新WFのデザインでは、カルチャ、組織構造、労働契約類型、オペレーションモデル、ワークスタイル、マネジメントという6つの骨子を固め、人的資本投資(旧人件費、HCI:Human Capital Investment)についても、算定対象範囲、トータルリワード、支給対象、同一労働同一賃金、変動費化という5項目について検討しました。

ここまで検討が済めば、WFイノベーションに着手する準備が整ったかに見えますが、イノベーションを定着させるために不可欠な「仕組み化」という大きなテーマの検討がまだ残っています。

そこで第3回の本稿では、「仕組み」つまり新しいコア人事制度のデザインについて概説します。「ランク」「評価」「報酬」「自己成長支援」という4つの仕組みを、WFイノベーションにフィットする内容に変革する方法についてまとめます。

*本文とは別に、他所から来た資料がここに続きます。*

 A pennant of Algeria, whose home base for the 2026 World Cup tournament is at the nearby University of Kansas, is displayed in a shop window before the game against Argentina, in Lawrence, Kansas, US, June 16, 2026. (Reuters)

【コア人事制度が具備すべき原理原則とデザイン方針の例】

はじめにお断りしておきますが、これは筆者の私見であり、本提言がどのような組織にもフィットする正解ではないこと、そして、業界・業種、組織の成り立ち等の固有事情を考慮することなく、このデザイン方針に無理やり嵌め込むことを推奨するものではないことを、ご理解いただきたく存じます。

HRプロフェッショナルの皆様にとっては、ごく当たり前の考え方であり、既知の取り組みが大半ですが、JTC特有の柵に縛られている、あるいは組織能力が望ましい水準に達していない企業にとっては、手強くチャレンジングな内容として受け止められるかもしれません。

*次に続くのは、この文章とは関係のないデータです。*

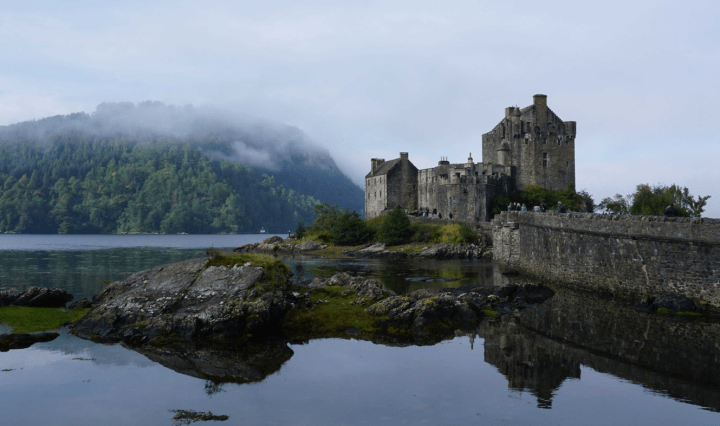 A castle framed by loch and misty tree covered mountains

ご批判や異論は大歓迎ですが、日本のヒューマンキャピタルとヒューマンキャピタルマネジメントは、世界に誇れる素晴らしい資本であり、今一度世界をリードする役割を担うべく尽力する方々に対して、なんらかの示唆を提供できればという想いでまとめたものです。

本稿のごく一部でもお役立ていただけるものがございましたら、嬉しく思いますので、読み進めていただければ幸いです。


1.ランク制度

人事制度の根幹であるランク制度は、格付け基準を「職能」から「職務・役割」へと転換、労働契約類型と社内・社外の違いを問わず、価値創造に貢献する人材全員を同じランク表に位置づけ、ランク変動と昇降格を分離することを基本方針としてデザインします。

1. 職務・役割価値に基づく格付け

全ての職務と役割の価値を、「知見」「問題解決」「達成責任」という3つの分類(8項目)において10段階評価し、職務・役割記述書(Job & Role  Description、以下JRD)に取り纏めてランクを決定します。

【職務・役割記述書(JRD)の例】
職務価値の8項目をそれぞれ10段階に分けて定義する
全職務について同じプロセスを経てJRDを完成させる

職務価値、役割価値は、労働市場における価値を参考にしながら序列を決定します。労働市場における価値は、中途採用時の年収バンド(〇〇〇~○○〇万円)を参考に設定できます。そのうえで、戦略上の優先順位と調達難易度に照らして、社内の序列を決めることとなります。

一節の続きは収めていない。